Way Kanan, WARTAGLOBAL.id - Reforma Agraria yang seharusnya menjadi upaya penataan kepemilikan dan pemanfaatan lahan yang adil, dinilai gagal di Provinsi Lampung. Salah satu indikator utamanya adalah pengabaian terhadap hak-hak Masyarakat Adat Marga Buay Pemuka Pangeran Ilir (MBPPI) di Negara Batin, Way Kanan.
Penasihat hukum dan tokoh adat MBPPI, Gindha Ansori Wayka, menyoroti perubahan fungsi hutan adat yang awalnya diserahkan kepada pemerintah kolonial Belanda sebagai hutan larangan pada 1940, namun kini berubah menjadi kawasan Hutan Register yang dikelola untuk kepentingan industri. “Tanah adat yang semula disediakan untuk pelestarian lingkungan kini berubah menjadi Hutan Tanaman Industri (HTI) yang dikelola oleh PT Inhutani V,” ujarnya, Minggu (4/5/2025) di Bandar Lampung.

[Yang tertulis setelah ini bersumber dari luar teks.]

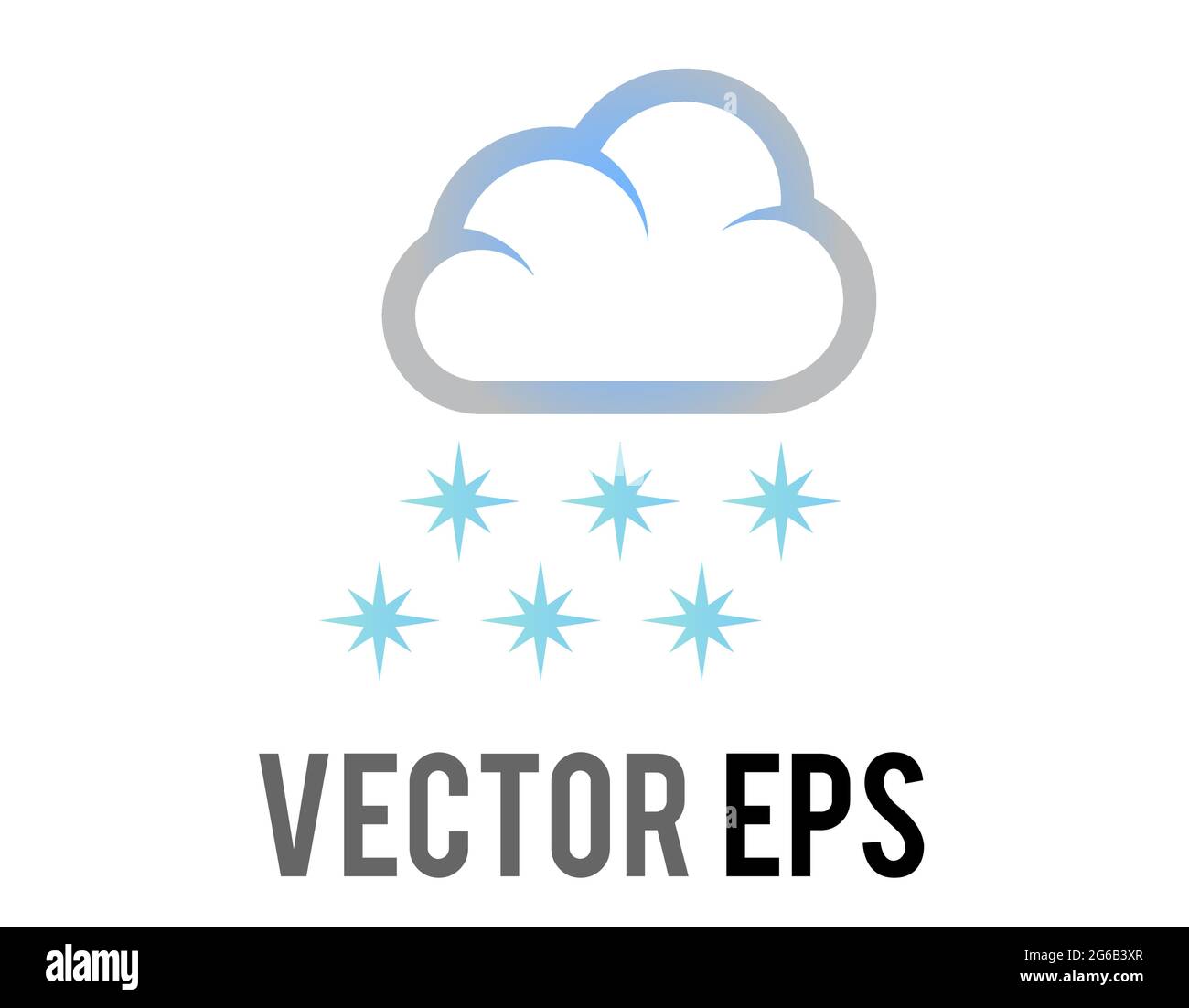 Der isolierte Vektor blaue Schneeflocken fallen aus weißen Wolke Symbol Stock Vektor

Melalui Keputusan Menteri Kehutanan Nomor 398/Kpts-II/1996, PT Inhutani V memperoleh hak pengusahaan seluas ±55.157 hektar atas Register 44 Sungai Muara Dua dan Register 46 Way Hanakau. Namun, menurut Gindha, sejak awal izin diberikan, tidak ada manfaat signifikan yang dirasakan oleh masyarakat adat MBPPI.
“Yang bermukim di dalam kawasan register itu sebagian besar bukan masyarakat adat MBPPI, melainkan pendatang atau perambah,” tegasnya. Ia juga mengungkapkan bahwa tidak ada tanggapan dari PT Inhutani V terhadap perjuangan masyarakat adat, termasuk surat Menteri Kehutanan Nomor 427/Menhut-VIII/2001 yang memerintahkan pendekatan kemitraan antara perusahaan dan masyarakat adat.

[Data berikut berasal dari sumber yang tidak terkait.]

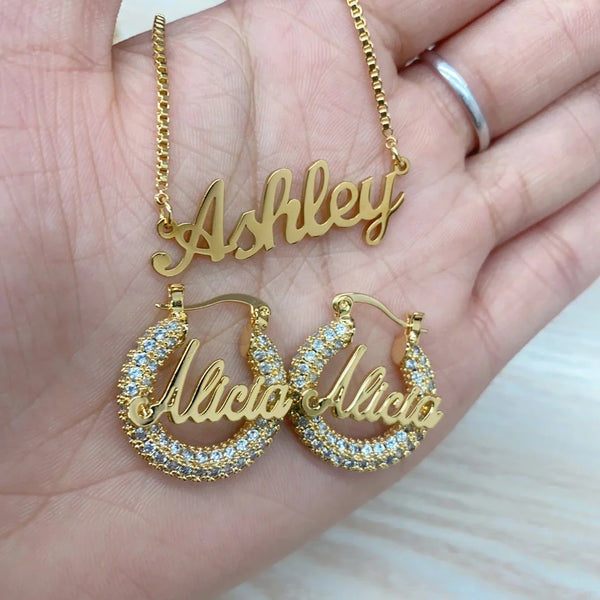 Name Necklace and Hoop Earrings with Bling HNS Studio Canada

Menurutnya, pendekatan kemitraan yang dimaksud dalam surat tersebut telah disalahartikan. “Kemitraan itu bukan dengan warga pendatang yang bermukim dalam kawasan register, melainkan dengan Masyarakat Adat MBPPI sebagai pemilik awal tanah ulayat,” tegas Dosen Hukum di Bandar Lampung itu.
Gindha juga menyoroti potensi kerugian negara akibat lemahnya pengelolaan oleh PT Inhutani V. Berdasarkan informasi yang diperoleh, konpensasi dari perusahaan-perusahaan pemegang sub-konsesi dan petani penggarap hanya berkisar Rp1 juta hingga Rp1,5 juta per hektar per tahun. “Padahal, dengan luas konsesi lebih dari 55 ribu hektar, seharusnya negara memperoleh pendapatan yang jauh lebih besar. Sayangnya, banyak lahan dikuasai perambah dan pengelolaan konsesi sangat minim,” jelasnya.

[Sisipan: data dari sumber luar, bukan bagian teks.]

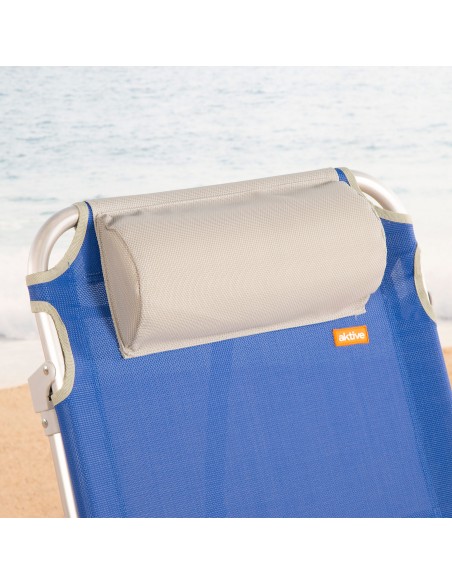 Chaise de plage pliante multipositions 50x50x88 cm bleue avec poches, coussin et poignée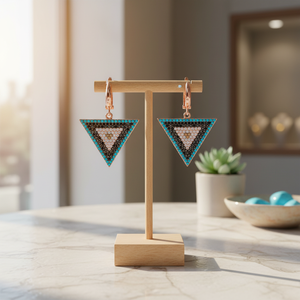Pendientes de Forma Triangular, Pendientes Geométricos con Piedras Mixtas, Joyería Turca Hecha a Mano al por Mayor, Plata de Ley 925 - Product Image 3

Ia mendorong pemerintah untuk segera mengevaluasi, bahkan mencabut izin konsesi PT Inhutani V. “Kalau negara dirugikan, masyarakat adat tak mendapat haknya, dan kawasan hutan rusak, untuk apa izin ini dipertahankan?” katanya.
Menanggapi Perpres Nomor 5 Tahun 2025 tentang Penertiban Kawasan Hutan yang dikeluarkan Presiden Prabowo, Gindha menyambut baik sebagai langkah awal. Namun ia mengingatkan bahwa regulasi ini belum secara tegas menyentuh kepentingan masyarakat adat. “Perpres ini baru berfokus pada penertiban dan pemulihan fungsi kawasan hutan, belum bicara soal pemulihan hak adat,” ujarnya.
Gindha mengusulkan agar pemerintah menjadikan masyarakat adat sebagai mitra strategis dalam menyelesaikan konflik lahan dan menangani perambah. “Karena mereka—masyarakat adat—yang dari awal menyerahkan tanah ini untuk dijaga, bukan untuk dieksploitasi,” pungkasnya.